Ayn Rand lo expresa con inobjetable precisión: “En una sociedad capitalista, todas las relaciones humanas son voluntarias. Los hombres son libres de cooperar o no, de tratar con otro o no tratar, según les dicte su propio juicio individual, sus convicciones y sus intereses. Pueden tratar entre sí solo en términos y por medio de la razón, esto es, por medio de la discusión, la persuasión y el pacto voluntario por libre elección para beneficio mutuo. El derecho de consentir con otros no es problema en ninguna sociedad; lo que es crucial es el derecho de disentir. La institución de la propiedad privada protege y pone en práctica el derecho de disentir, y así deja abierto el camino para el más valioso atributo del hombre (valioso, personal, social y objetivamente): la mente creadora. Esta es la diferencia radical entre el capitalismo y el colectivismo. La justificación moral del capitalismo no radica en el argumento altruista de que representa el mejor medio de realizar el ‘bien común’. Es cierto que el capitalismo es, indudablemente, el mejor medio de realizar ese bien común (si acaso este término tiene algún sentido); pero esto es solamente una consecuencia secundaria. La justificación moral del capitalismo radica en el hecho de que es el único sistema adecuado a la naturaleza racional del hombre, que protege la supervivencia del hombre en tanto que hombre y cuyo principio rector es la justicia. Todo sistema social está basado expresa o implícitamente en alguna teoría ética. La noción tribal del bien común ha servido de justificación moral a la mayor parte de los sistemas sociales y a todas las tiranías de la historia. El grado de esclavitud o de libertad de una sociedad corresponde al grado en que este principio tribal ha sido invocado o ignorado. El bien común (o el interés público) es un concepto indefinido e indefinible. No existe una entidad real que sea la tribu o el público. La tribu (o el público o la sociedad) no es sino un cierto número de individuos humanos. Nada puede ser un bien para la tribu como tal; bien y valor corresponden solo a un organismo vivo, a un organismo vivo individual y no a una incorpórea red de relaciones”.
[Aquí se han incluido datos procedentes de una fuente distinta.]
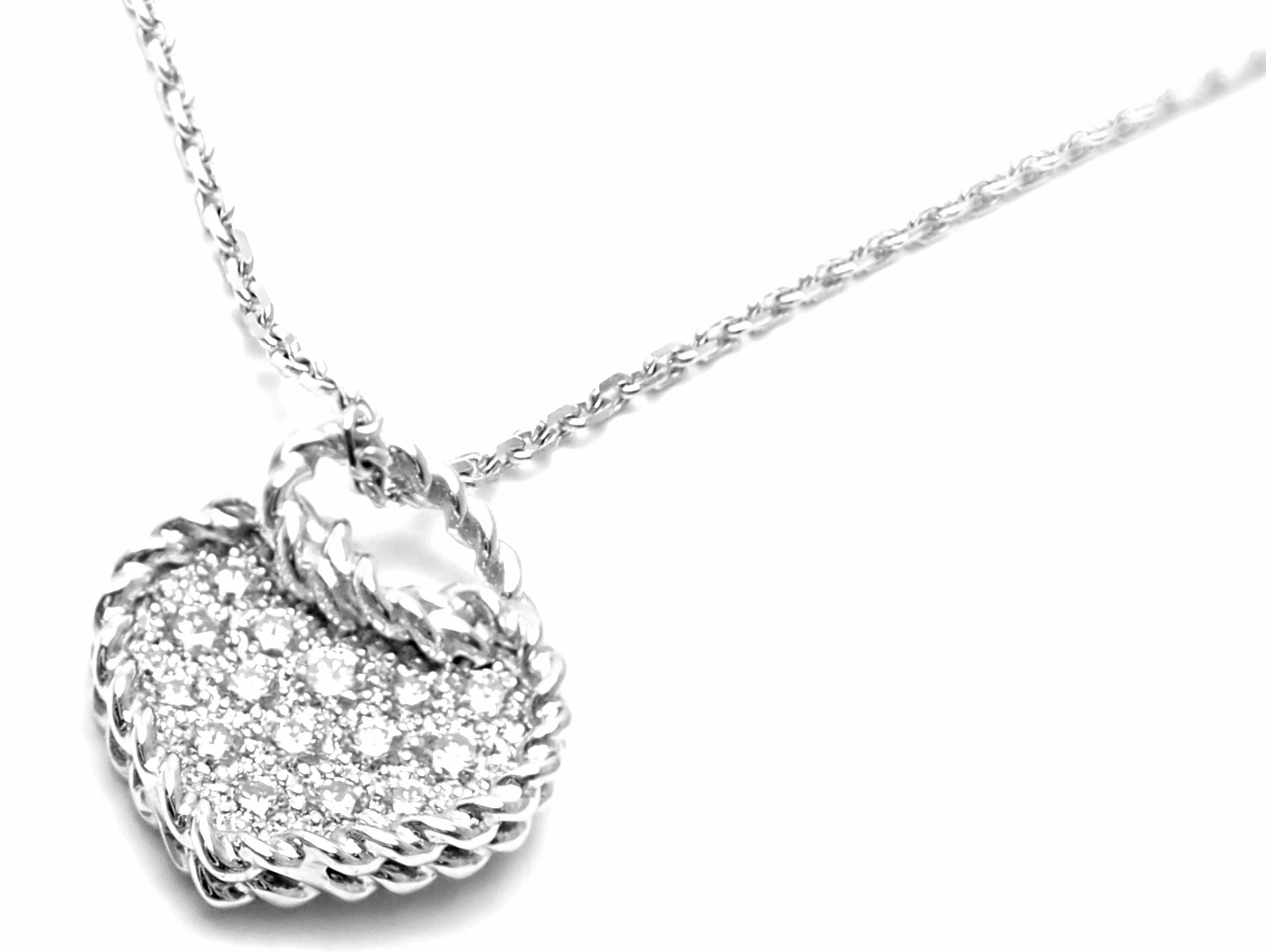 Women's or Men's Cartier Diamond Heart White Gold Pendant Necklace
Carece de sentido hablar del bien común; no quiere decir nada. Es una metáfora detrás de la cual se esconde el afán de control autoritario de las decisiones económicas. Usar como criterio moral algo que no está definido, cuyos contornos son vagos, es una de las formas más eficaces de la arbitrariedad política, como bien dice Ayn Rand: “Un cheque moral en blanco a favor de quienes presumen de encarnar ese bien”.